It can be tough to lay down roots in Berlin. The city is so transient that to invest time in people and projects can end in heartbreak or a bad taste in one's mouth. On the other hand, that's one of Berlin's charms; you can move here, get a job under the table and live out your creative dreams because rent is still relatively cheap and it's easy enough to fare dodge on U-Bahn. But when we tracked down Laura Lee and Andreya Casablanca, the two dream weavers of Berlin-based band Gurr, in a glamorously pink (but very dingy) venue bathroom, they seemed to have other things to say about Berlin, what they've built here, and where they're taking Gurr.
Watch our premiere episode for season 3 featuring this dynamic duo and find out more in their interview below.
WHAT’S THE CURRENT SCENE IN BERLIN LIKE FOR FEMALE BANDS?
Laura: We created this instagram site called We Formed A Band basically to kind of debunk the argument that there aren’t many female, non-male bands. In many festival line ups, there’s this invisibility of musicians that aren’t white and male, so usually the argument that we got from that is “oh, there are no bands.” We’re like, okay so there’s already so many initiatives right now that try to give more visibility to those artists. There’s this thing called Sirens on Stage that is basically a booking agency that puts female artists on a website and people can write us these handwritten notes that say “Hi, I’m looking for a drummer for my indie rock band, my influences are this and this” in their language. German is already a bit of a sexist language where you can say (schlatsoyga).
Andreya: There’s always a female version of the noun.
Laura: Yeah, so we try to encourage people if they send us stuff by saying “oh, maybe you can write it a little bit more inclusive so that other people feel addressed.” People so far have been super nice about it and said things like “yeah sure, we’ll do that” and they’re super open to criticism, which, we don’t want to call anyone out - it’s just that sometimes you don’t think about it.

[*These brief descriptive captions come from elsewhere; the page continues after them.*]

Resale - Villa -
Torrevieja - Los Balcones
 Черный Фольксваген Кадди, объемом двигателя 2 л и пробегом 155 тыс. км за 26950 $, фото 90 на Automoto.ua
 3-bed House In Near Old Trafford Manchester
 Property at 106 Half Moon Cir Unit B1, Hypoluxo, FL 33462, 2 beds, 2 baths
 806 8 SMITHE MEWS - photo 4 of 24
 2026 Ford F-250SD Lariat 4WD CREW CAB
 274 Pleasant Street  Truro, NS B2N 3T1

TECHNO AND ELECTRONIC MUSIC HAS SUCH A BIG HOLD ON THE BERLIN MUSIC SCENE — IS THERE SPACE FOR ROCK ‘N’ ROLL?
Andreya: I think it’s hard in general right now for the genre of guitar music It’s weird because I think, yeah techno and electronic music is everywhere right now but it’s also in every other city I feel like. But I think what is cool about Berlin is that it’s so creative that a lot of the times, I think artists from that genre also collaborate with other artists or experiment, and it goes beyond the genre borders and more into art forms, or something. We’re not trying to say “oh, it sucks, there’s no place for guitar music, fuck that.”
HAS Berlin influenced your music in any way?
Andreya: I think a really big influence is that we recorded it in Berlin and we wrote most of the songs in Berlin. We recorded at UFO Sound studios which is in Prenzlauerberg and then one song we recorded in Kreuzberg and I feel like, it all happened during the summer months. I think to me, it kind of has this feel or taste, but maybe it’s just like my nostalgic memory of it. It also draws up a little bit on the start-up culture of Berlin or about this like, being in a bubble and like, following a thing, but you’re not really sure if that’s what you wanna follow at all - you just like doing it.
IT DOES HAVE THAT STRONG DIY SPIRIT! DOES THE CITY HOLD ANY SPECIAL MEANING TO YOU?
Andreya: It’s a good home base. The thing is, we travel so much that it’s always really nice to come back. If we were there full time, I think we would still go to other places to record or write or something. Everyone in Berlin wants to move to New York or LA or London, and then everyone in London wants to move to Berlin, and everyone in New York wants to move to Berlin, and everyone is just hopping and super restless and looking for things, I don’t know. But I think it’s good because Berlin is cheap and it has really good food. All the other places don’t have that. Berlin is the best!
WHAT’s next on the cards for gurr?
Laura: Right now, we’re working with this festival called Heimspiel Knyphausen and they wanted to give one bill spot to a man that was found on We Formed A Band. Most of the stuff we do with Gurr, we don’t think about it too much, we just do it, and then it just goes its own way a little bit. If we had more time, we would’ve loved to have an extra opener for this tour for example, and just get these kinds of bands.